Around 125% return this year. And as much as 300% had you bought in March (perhaps even 500% if you were a keen bitmex buyer at the exact bottom). And that tops another 90% return last year.

Just needs to come down so I can get some more

Neeed Mooore!! :(

If you're holding long term 2k fluctuations aren't worth waiting for. Buy and hodl.

As Snoop Dogg would say "Stack Sats Everyday!!"

Having been pro PM’s for some time, I’m now seriously looking into BC - when the likes of Paul Tudor Jones take a large position must say something. As more of us wake up to the debt based fiat Ponzi scheme PM’s & BC are the only alternative as a store of value to protect one’s wealth.

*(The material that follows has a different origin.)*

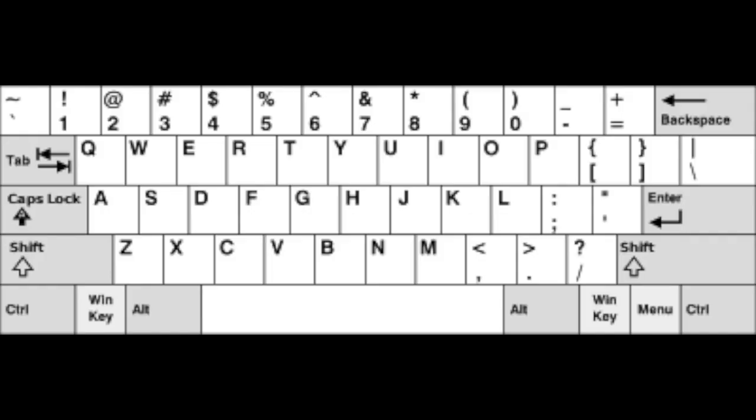And this is where QWERTY first originated. QWERTY effectively spread out the letters that you typed most often so that you would no longer see jams on a typewriter. This is why QWERTY was the king of keyboard layouts while it was used on typewriters.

Until governments bite back. As I understand it, technically if you enter the US and own more than $10,000 of bitcoin you are bringing in more than $10,000 and it can be confiscated. Each government will fight back to maintain it's monopoly on currency. The UN will probably make it illegal to own bitcoin. There be dragons a stirring, methinks.

Don't forget they confiscated all privately owned gold in the US the last time the money system fell apart. Expect the same in Europe and probably the US, for the same reasons that China has made bitcoin illegal. You will obey your masters, or else.

I doubt this is true. Its not money, not currency. Nor are you importing it. Its no different to having 1 million dollars worth of euros in an offshore account when you pass through the border.

Bit of a yarn mate. If you think the $10,000 border rule will catch crypto, you need to read up more about crypto.

re: Gold confiscation. Not all gold was confiscated, but it was well below 50% of private ownership at the time. Gold confiscation did not apply to coins with a numismatic value, as was gold for manufacturing and jewelry. Furthermore, each person in the household was allowed up to five ounces of gold.

You need a bit more research into BTC do you confiscate it..or shut it down (turn of the internet)?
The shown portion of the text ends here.